Address
- 18975 Church St. Roseville, Macomb, Michigan United States

District information
- Type: Public
- Grades: PreK-12
- Established: 1952; 74 years ago
- Superintendent: Mark Blaszkowski
- Schools: 10
- Budget: US$76,025,000 (2022-2023)
- NCES District ID: 2630210

Students and staff
- Students: 4,133 (2024-2025)
- Teachers: 249.14 FTE (2024-2025)
- Staff: 575.14 FTE (2024-2025)
- Student–teacher ratio: 16.59 (2024-2025)

Other information
- Website: rosevillepride.org

= Roseville Community Schools =

School district in Michigan

Roseville Community Schools is a public school district serving Roseville, Michigan in Metro Detroit.

==History==
The city's first dedicated high schools, Burton and Eastland, were built in 1922, in separate districts.
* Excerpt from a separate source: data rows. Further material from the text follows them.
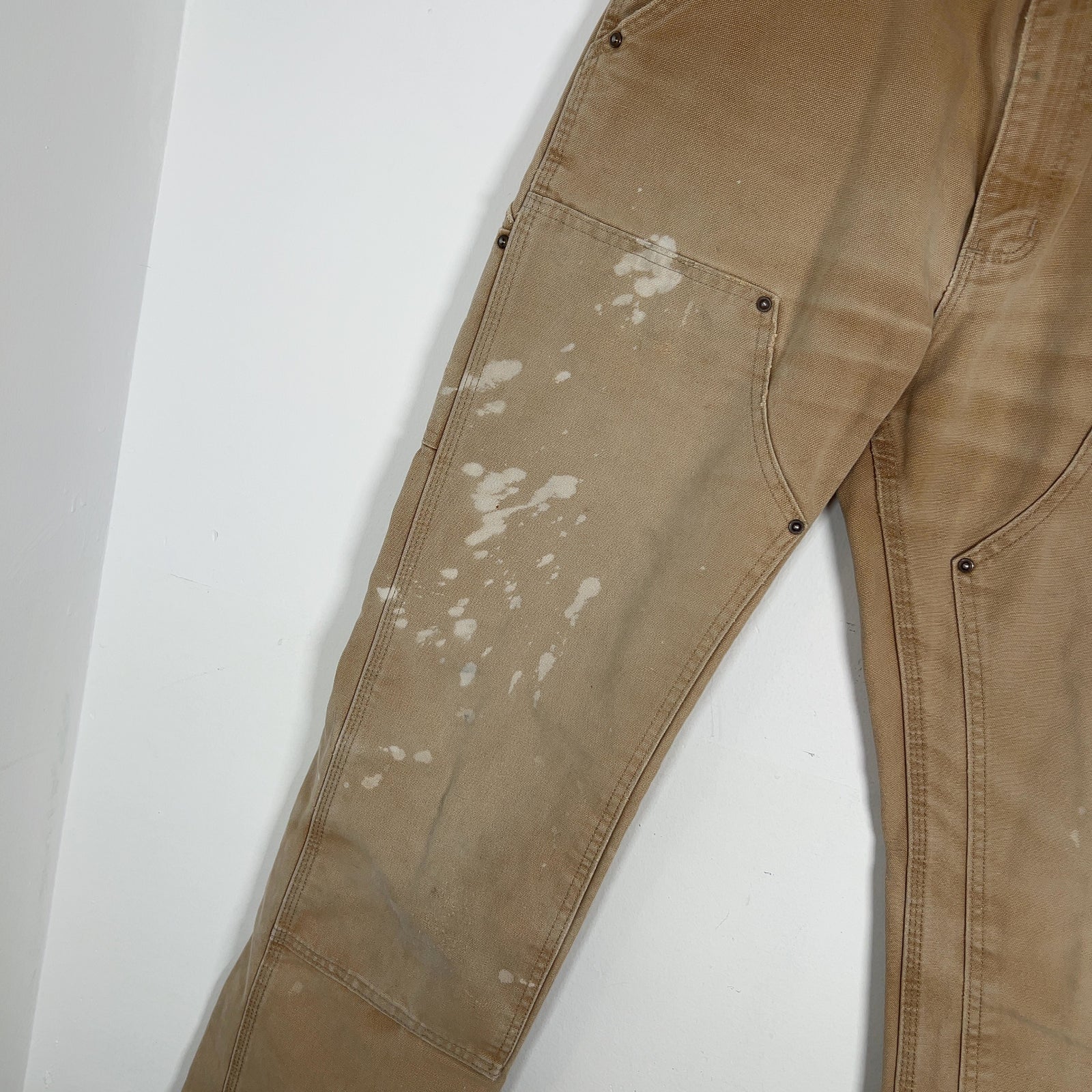 Carhartt Vintage Bleach Splatter Double Knee Pants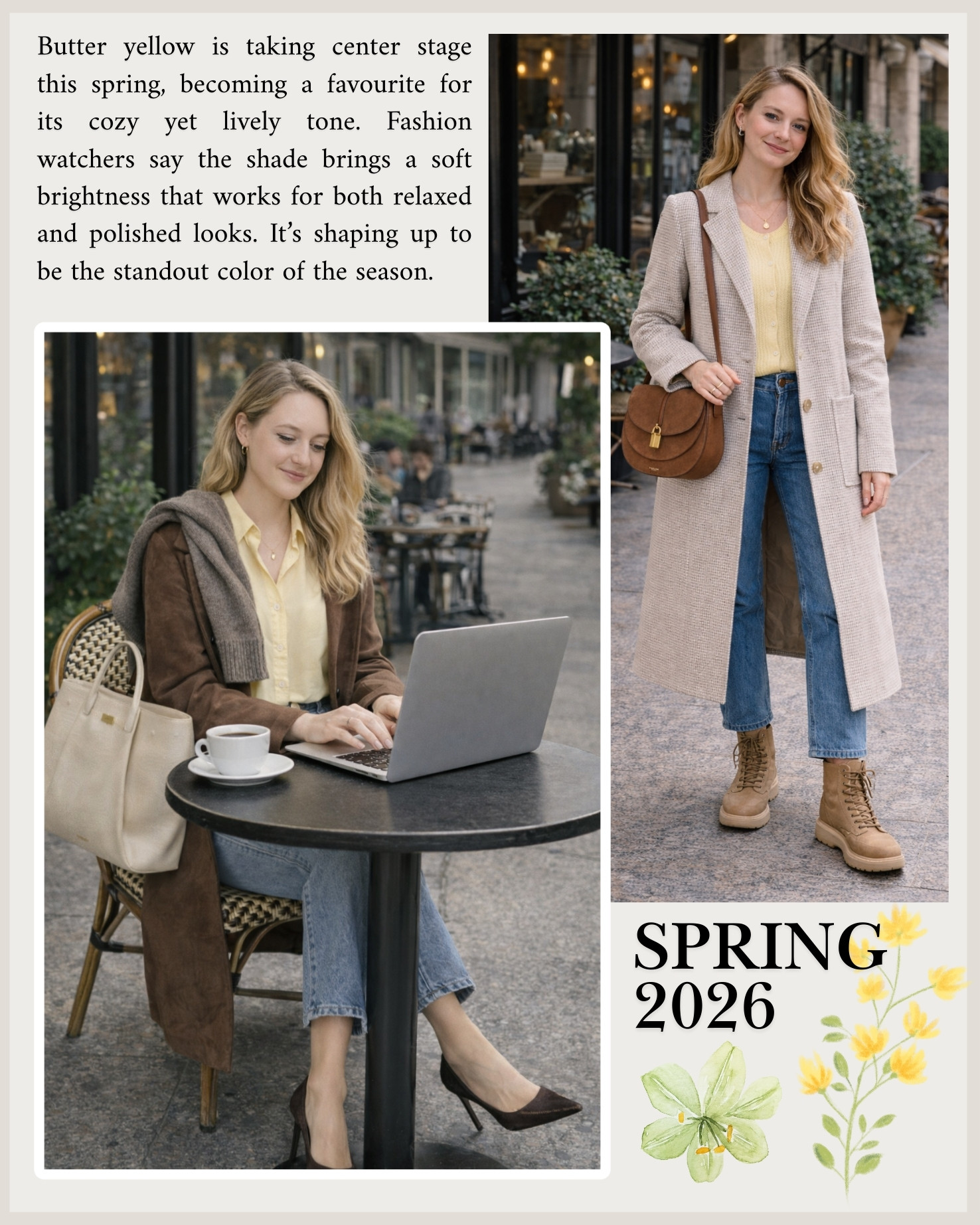 Spring 2026 fashion trend butter yellow 

#LTKeurope #LTKjeans #LTKspring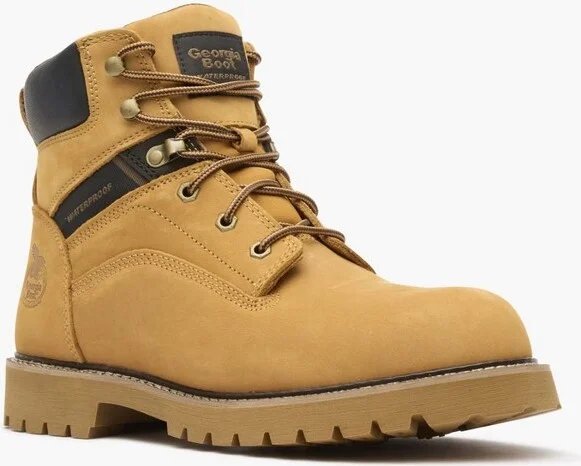 Men's Georgia Boot Core 37 Steel Toe Waterproof Work Boot Size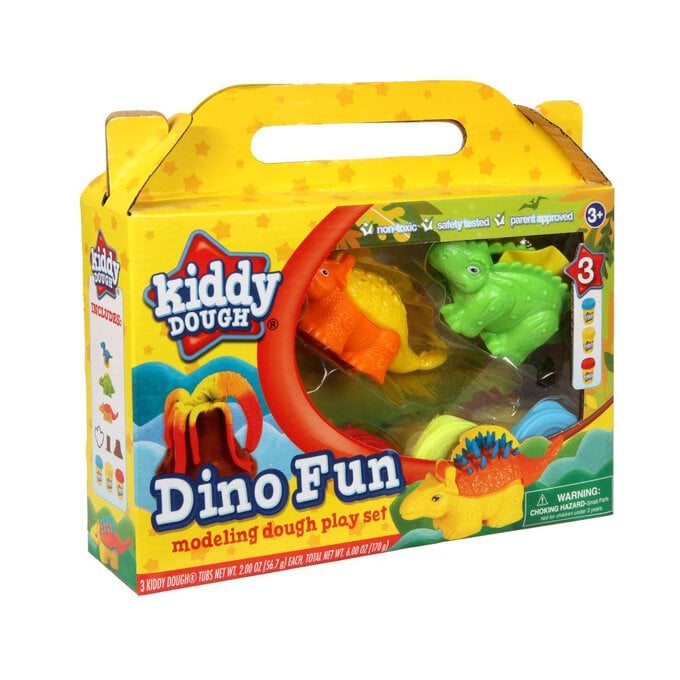 Kiddy Dough Dino Fun Modelling Play Set image number 1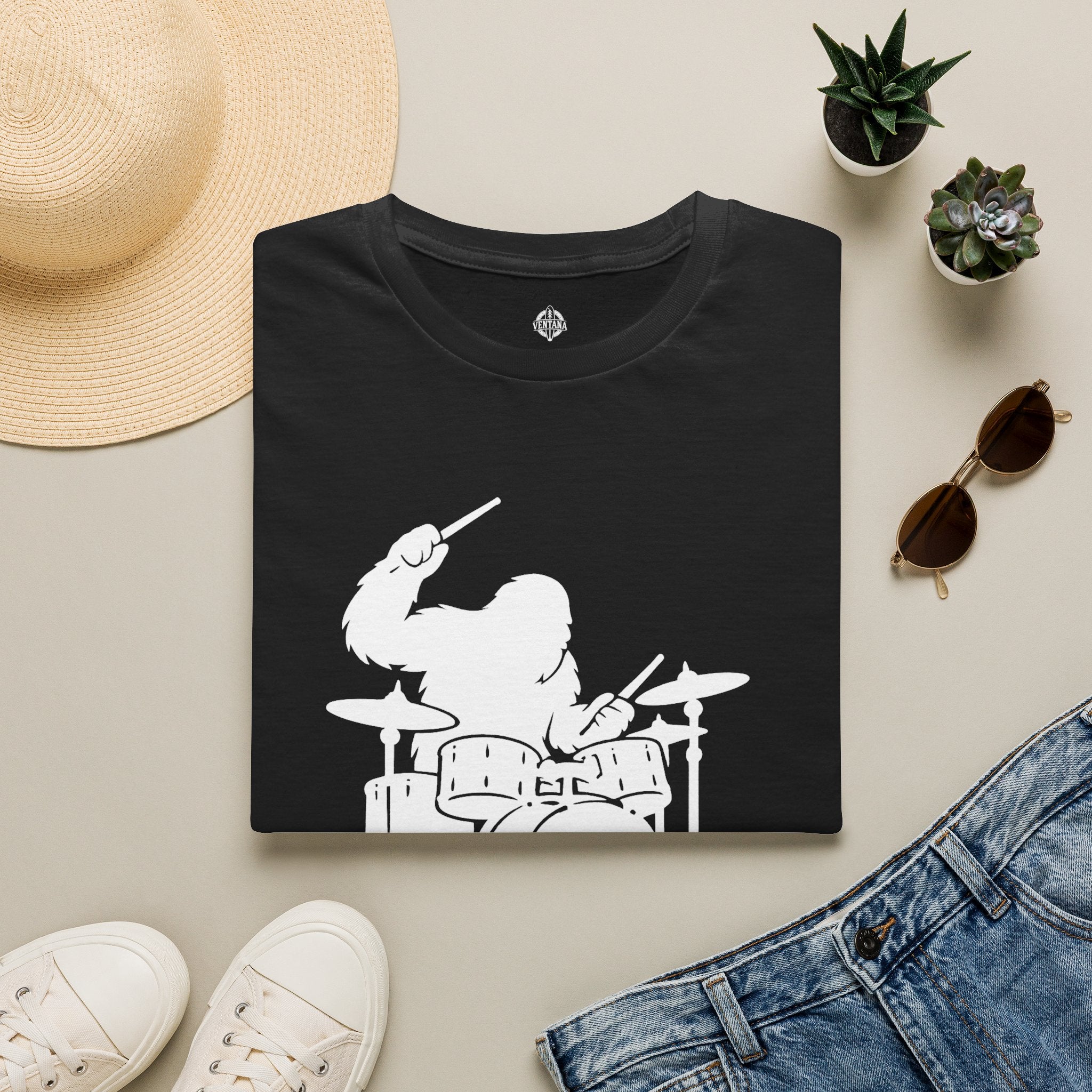 Ventana Drumsquatch Unisex - U.S. Cotton T-Shirt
Lincoln School was built on the northwest corner of Blum and Chestnut in 1925 and closed in 2010. All three schools have since been demolished. By at least 1949, Burton High School had become Roseville High School.

The school district was formed in 1952 by the merger of part of the former Kern Road Schools district and Burton School District. In 1956 the district annexed Eastland Community School District. In 1960 it annexed Greater Gratiot Schools to achieve its current boundaries.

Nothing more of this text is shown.